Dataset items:
+--
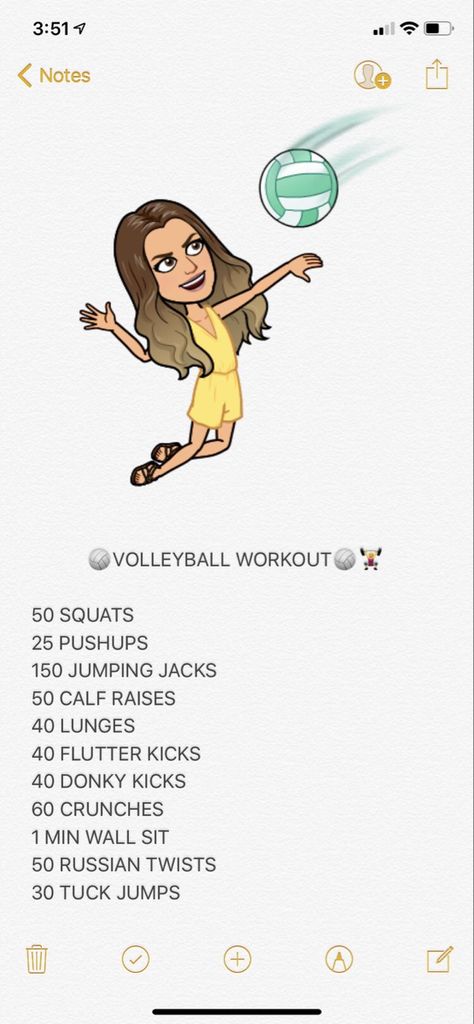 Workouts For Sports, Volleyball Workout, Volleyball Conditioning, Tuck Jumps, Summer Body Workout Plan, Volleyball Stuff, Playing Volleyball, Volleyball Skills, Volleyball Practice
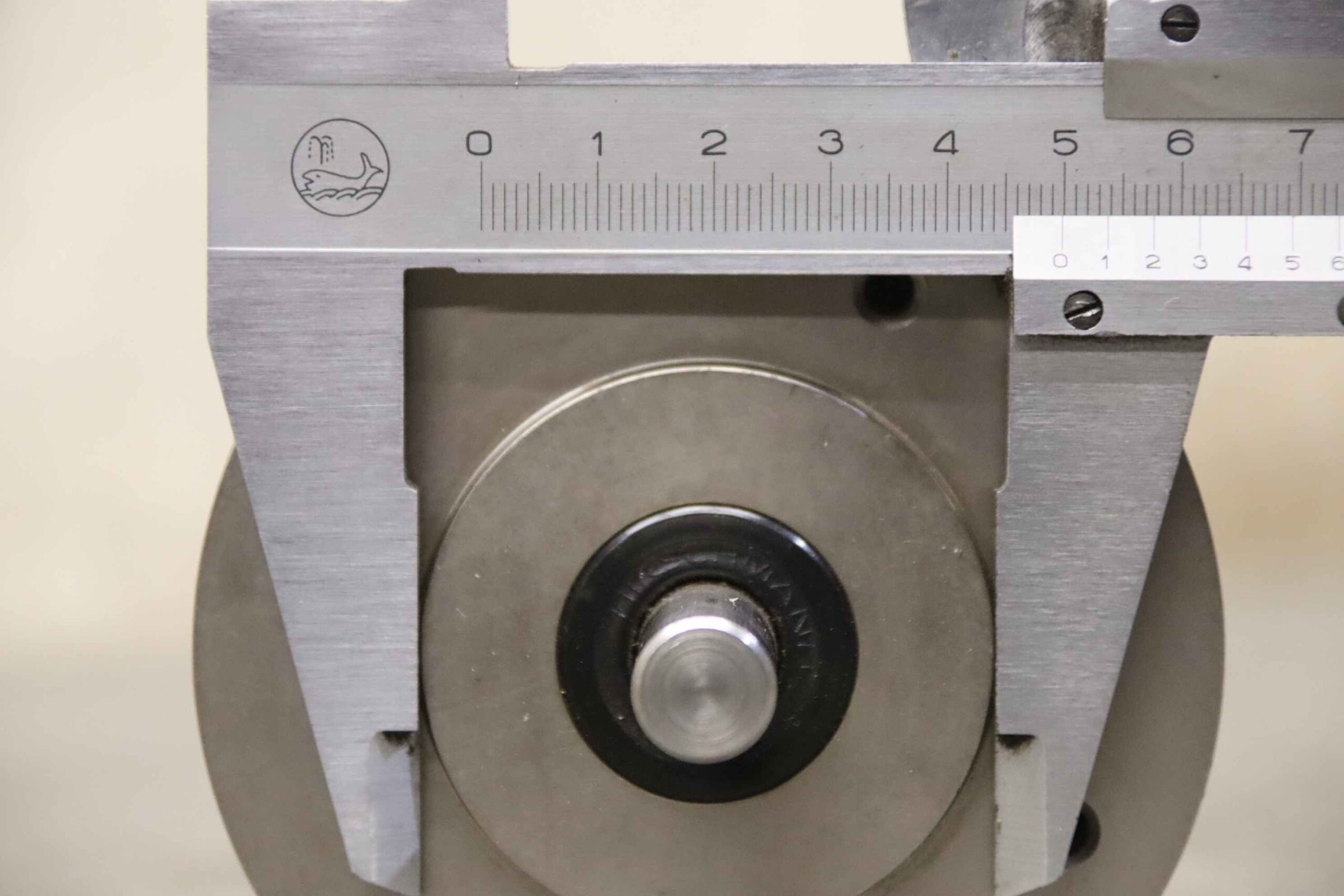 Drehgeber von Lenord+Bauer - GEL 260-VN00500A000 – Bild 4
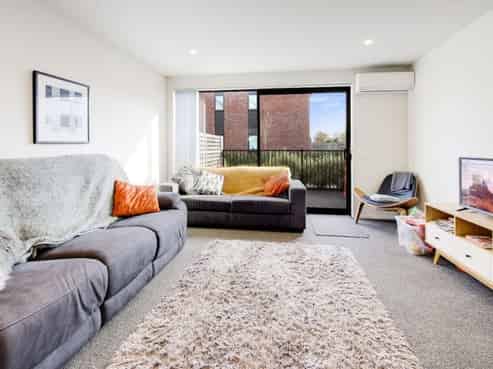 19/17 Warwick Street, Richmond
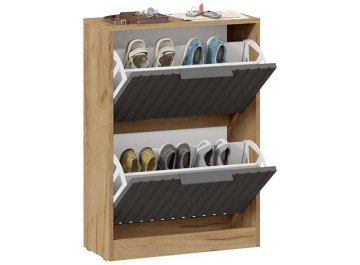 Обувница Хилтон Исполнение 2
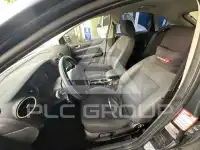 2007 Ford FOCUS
+--
PROBLEM DETAILS: Without copying any picture, repeat all of the entries exactly.

EXERCISE OUTPUT:
 Workouts For Sports, Volleyball Workout, Volleyball Conditioning, Tuck Jumps, Summer Body Workout Plan, Volleyball Stuff, Playing Volleyball, Volleyball Skills, Volleyball Practice
 Drehgeber von Lenord+Bauer - GEL 260-VN00500A000 – Bild 4
 19/17 Warwick Street, Richmond
 Обувница Хилтон Исполнение 2
 2007 Ford FOCUS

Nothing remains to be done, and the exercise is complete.